I don't want these toys, I want to go outside, I want to see all kinds of flowers.
"Why didn't Enron get sick?" She had thought many times why she was the only one who couldn't go outside, and why she could go anywhere.
"Because when you are in your mother's womb, An Ran is an older sister, so you have to protect your sister when you absorb nutrients, and Xiao Jin is a younger sister, so it is not as good as her sister to absorb it." Mom touched my head and patiently explained the questions I asked.
Because Enron is a sister, she won't get sick, because I'm a sister, so I have to lie here, and every time I get sick, does it hurt?
"Okay, mom go see An Ran, she's going to kindergarten tomorrow, Xiao Jin have a good rest, and I'll wake you up when you eat." Mom patted me and left, this time I didn't catch her and didn't let her go, and I didn't ask any more questions.
I turned my head and saw the newly bought toy next to the pillow, which my father bought yesterday, because Enron was going to kindergarten, and I heard that the kindergarten was a place where many children played together, and I wanted to go, but when I mentioned it, my mother rejected it just now, just because I was not in good health and couldn't go outside.

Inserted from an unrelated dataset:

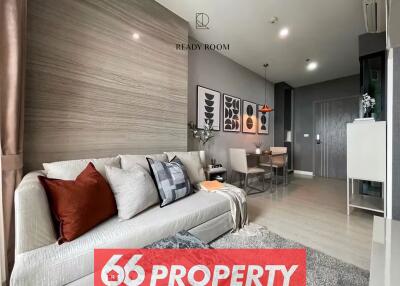 Condo for Sale at The Niche Pride Thonglor - Phetchaburi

Thinking that An Ran could go to kindergarten, play with other children, and go to the garden to pick small flowers, the sullen air came up again, and it was stricter than before.
We are sisters and twins, but why can Enron do whatever he wants, why can I only go anywhere in the room, just because Enron is a sister and I am a younger sister, then I would rather not have a sister, in this way, can I do what I want, can I not get sick.
Looking at the toy next to the pillow, my chest became more and more stuffy, and suddenly it became An Ran's smiling face, I didn't think much about it, I fell under the bed hard, and in an instant the toy became Enron's envy when he looked at me, and the stuffiness in his chest was better.
At this time, I didn't know why, but I knew that when I saw Enron unhappy and sad, I was in a good mood.
And this year, An Ran and I were three years old.
------Off topic------
An Jin's first person is used in the outside of the fan.,So it's a little hard to write.,The outside will be changed from time to time.,Don't keep it.,Refresh it when you remember it.,Next there's the wedding of the two.,The ending of some people.,A small bun.,That's probably it.。